As Mancini also explained at the meeting, a project to dredge Little Egg Inlet and replenish beaches in Holgate and Beach Haven is complete, and the N.J. Department of Environmental Protection is requesting that the U.S. Coast Guard mark the channel in the inlet once again. (See related story in this issue.)

Administrator Kyle Ominski noted that pumping has begun for restoration work from 31st to 57th street in Brant Beach, funded by the federal Flood Control and Coastal Emergencies program. Contractor Weeks Marine is repairing beaches in Surf City and Harvey Cedars as well.

The work in Brant Beach should conclude by May.

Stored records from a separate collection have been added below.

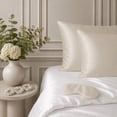 thumbnail image 1 of Swift Home 6-Piece Satin Pillowcase Gift Set with Eye Mask and Scrunchies, Beauty Sleep Set, Cream, 1 of 6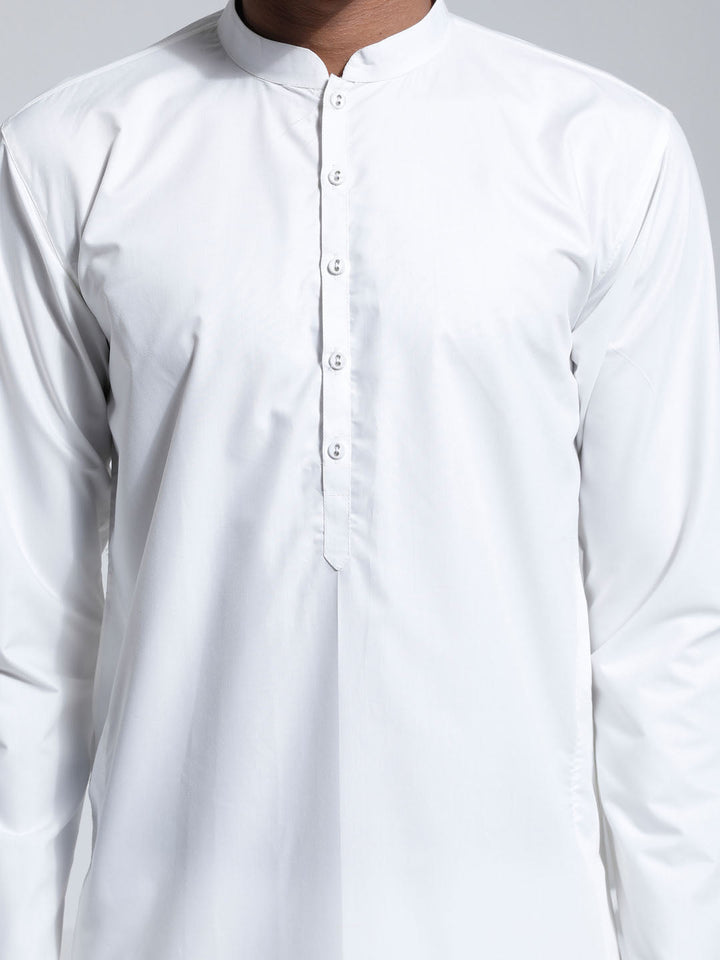 VASTRAMAY Men's White Cotton Silk Kurta And Pyjama Set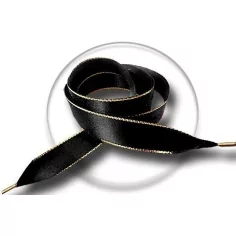 Lacets de chaussures larges satin noir doré-Achat|Vente en…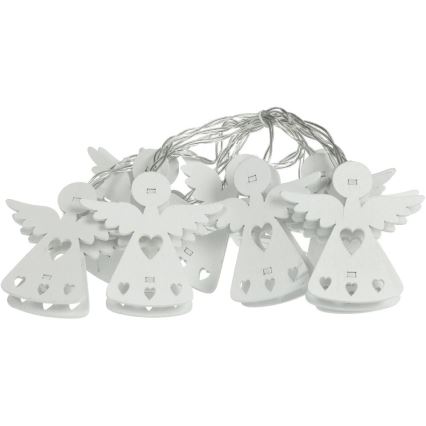 LED Christmas chain 10xLED/2xAA/warm white 2m angels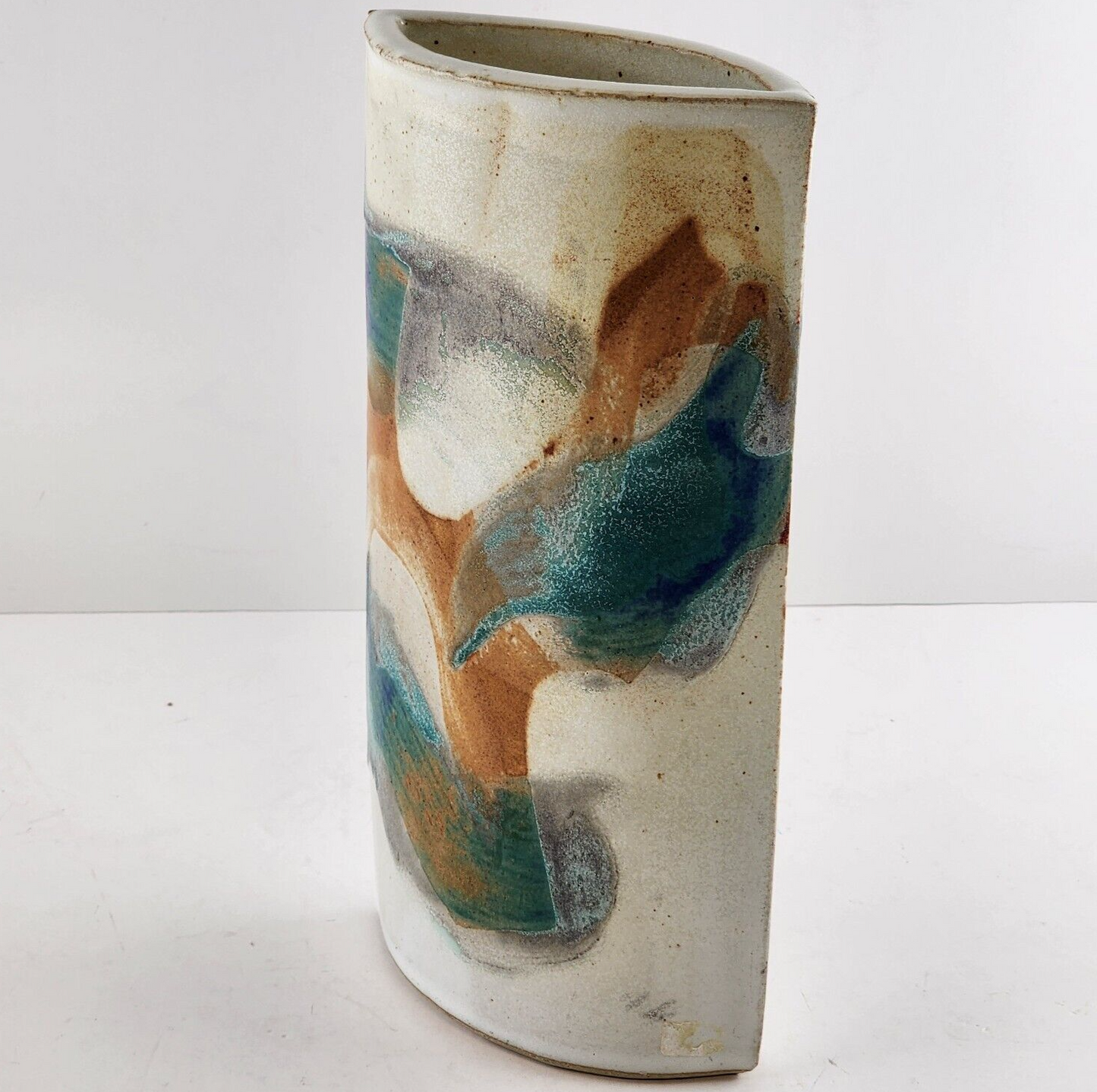 Evelyn LaMers Pottery Handmade Ellipse Vase Distinct Glaze Coloring 9.5" Vintage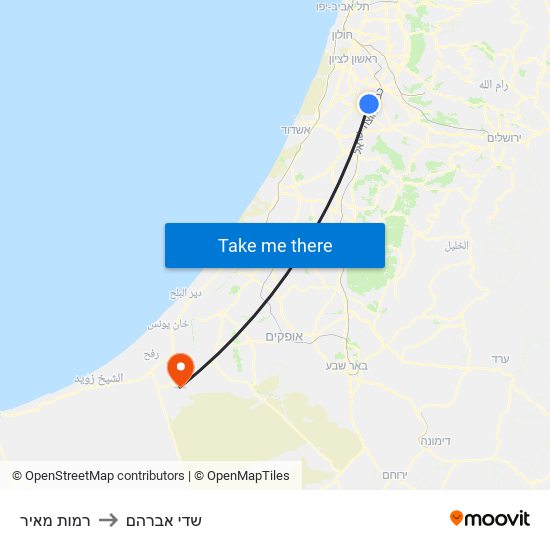 רמות מאיר to שדי אברהם map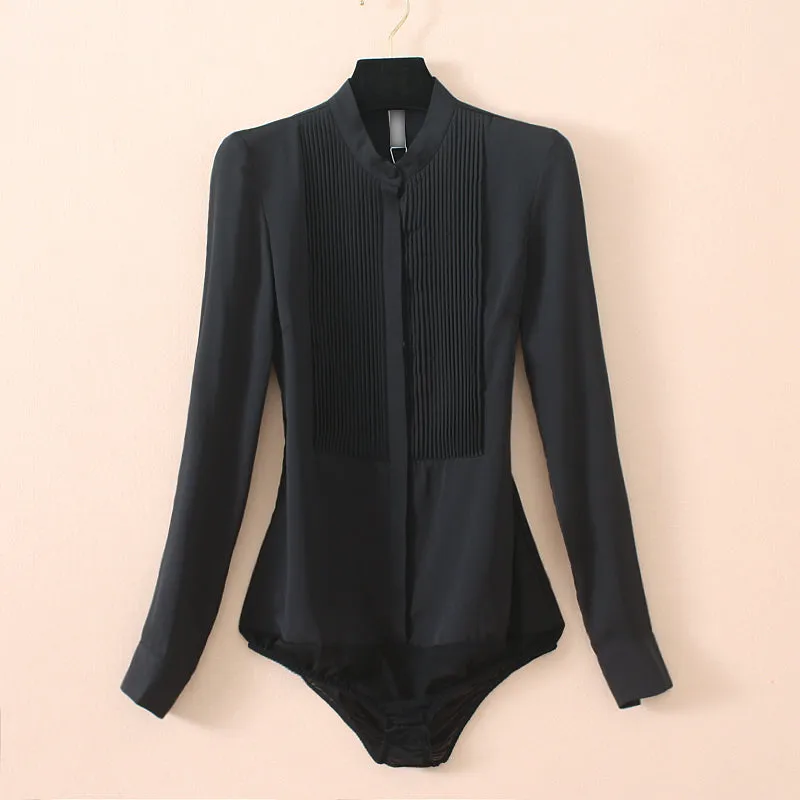 Long Sleeve Chiffon Blouse Bodysuit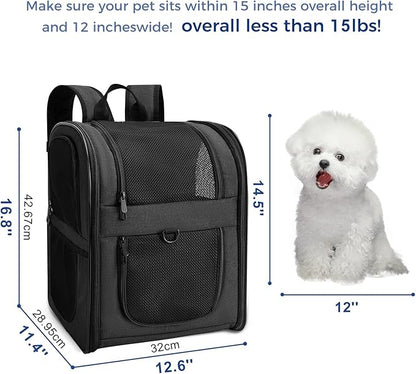 Apollo Walker Dog & Cat Carrier Backpack for 4-15lb Pets - Ventilated Safe Design with Padded Back Support, Breathable Mesh Pet Backpack for Hiking, Travel, Outdoor (Black)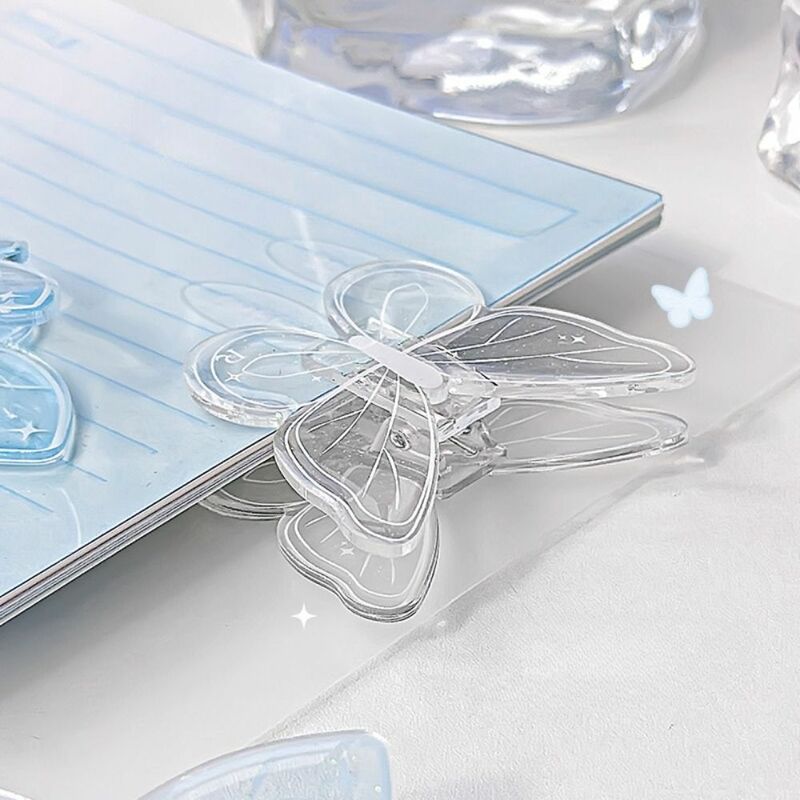 Ins Stijl Acryl Vlindervorm Paperclip Transparant Multi-Functionele Memo Clip Eenvoudige Bladwijzer Binder Student Briefpapier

A project to replace the terminal groin in Holgate is in the final design stages. “We’re still about six months away from the permitting process,” the mayor stated, “but we’re getting there.”

Earliest construction of the new groin would likely not begin until sometime in 2019.

Commissioner Ralph Bayard announced that a residential document shredding day will be held on Friday, April 20, from 9 a.m. to 1 p.m. in the parking lot of the St. Francis Community Center, at 4700 Long Beach Blvd. in Brant Beach.

Meanwhile, the county’s household hazardous waste disposal program is scheduled for June 2, from 9 a.m. to 3 p.m., at the Stafford Township Public Works Garage at 320 Hay Rd. in Manahawkin. Pre-registration is required. Call 609-987-0913 to register.

For more information on either program, visit longbeachtownship.com or call the Ocean County Department of Solid Waste Management at 732-506-5047.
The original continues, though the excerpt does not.